**Task to carry out**
Look through the material below for "Storage". Copy every line that contains it.

**Exercise data**
══════════════════════════════

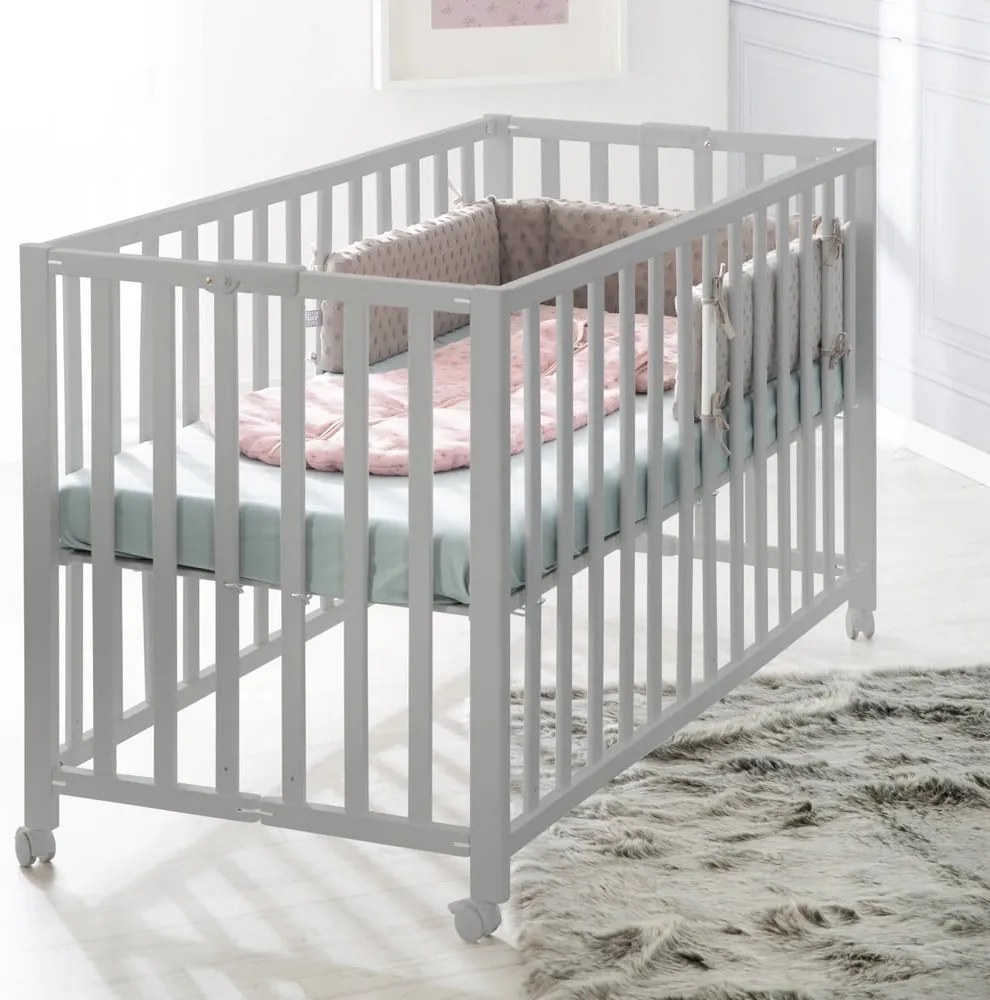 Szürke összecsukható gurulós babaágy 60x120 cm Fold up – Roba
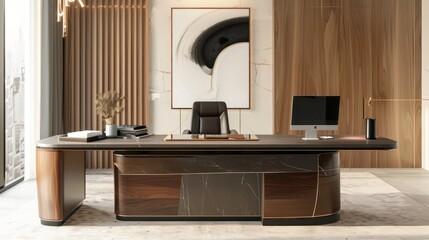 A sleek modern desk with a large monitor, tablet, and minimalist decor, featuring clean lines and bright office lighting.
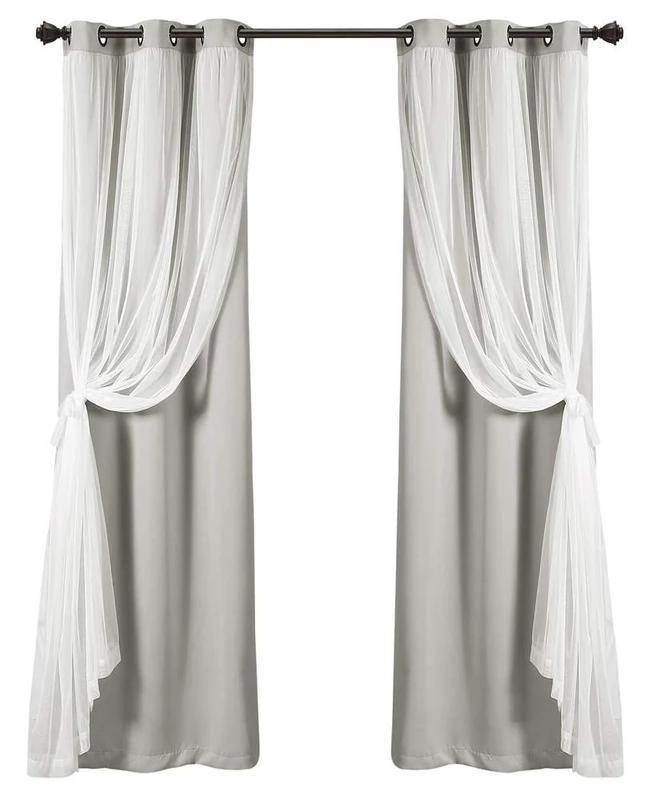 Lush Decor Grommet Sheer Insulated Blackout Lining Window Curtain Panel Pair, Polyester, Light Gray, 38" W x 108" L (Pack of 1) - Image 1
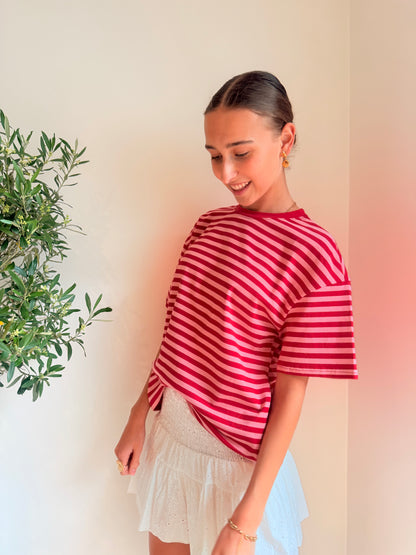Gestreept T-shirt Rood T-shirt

══════════════════════════════

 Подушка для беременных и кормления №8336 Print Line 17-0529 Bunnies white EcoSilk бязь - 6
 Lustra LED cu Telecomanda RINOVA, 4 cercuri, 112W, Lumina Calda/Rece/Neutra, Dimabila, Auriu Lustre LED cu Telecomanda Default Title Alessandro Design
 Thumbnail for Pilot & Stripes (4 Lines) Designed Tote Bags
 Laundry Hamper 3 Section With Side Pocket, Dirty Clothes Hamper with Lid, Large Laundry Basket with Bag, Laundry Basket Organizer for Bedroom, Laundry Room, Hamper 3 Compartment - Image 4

══════════════════════════════

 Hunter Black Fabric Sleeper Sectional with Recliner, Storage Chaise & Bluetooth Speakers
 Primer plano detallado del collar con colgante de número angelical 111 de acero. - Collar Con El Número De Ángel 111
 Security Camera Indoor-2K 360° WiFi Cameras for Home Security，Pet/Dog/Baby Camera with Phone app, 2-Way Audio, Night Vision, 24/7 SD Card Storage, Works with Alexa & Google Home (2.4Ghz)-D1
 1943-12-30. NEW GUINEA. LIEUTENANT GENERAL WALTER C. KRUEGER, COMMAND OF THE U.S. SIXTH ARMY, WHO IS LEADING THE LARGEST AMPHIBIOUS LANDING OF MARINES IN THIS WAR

══════════════════════════════

**Answer section**
 Hunter Black Fabric Sleeper Sectional with Recliner, Storage Chaise & Bluetooth Speakers
 Security Camera Indoor-2K 360° WiFi Cameras for Home Security，Pet/Dog/Baby Camera with Phone app, 2-Way Audio, Night Vision, 24/7 SD Card Storage, Works with Alexa & Google Home (2.4Ghz)-D1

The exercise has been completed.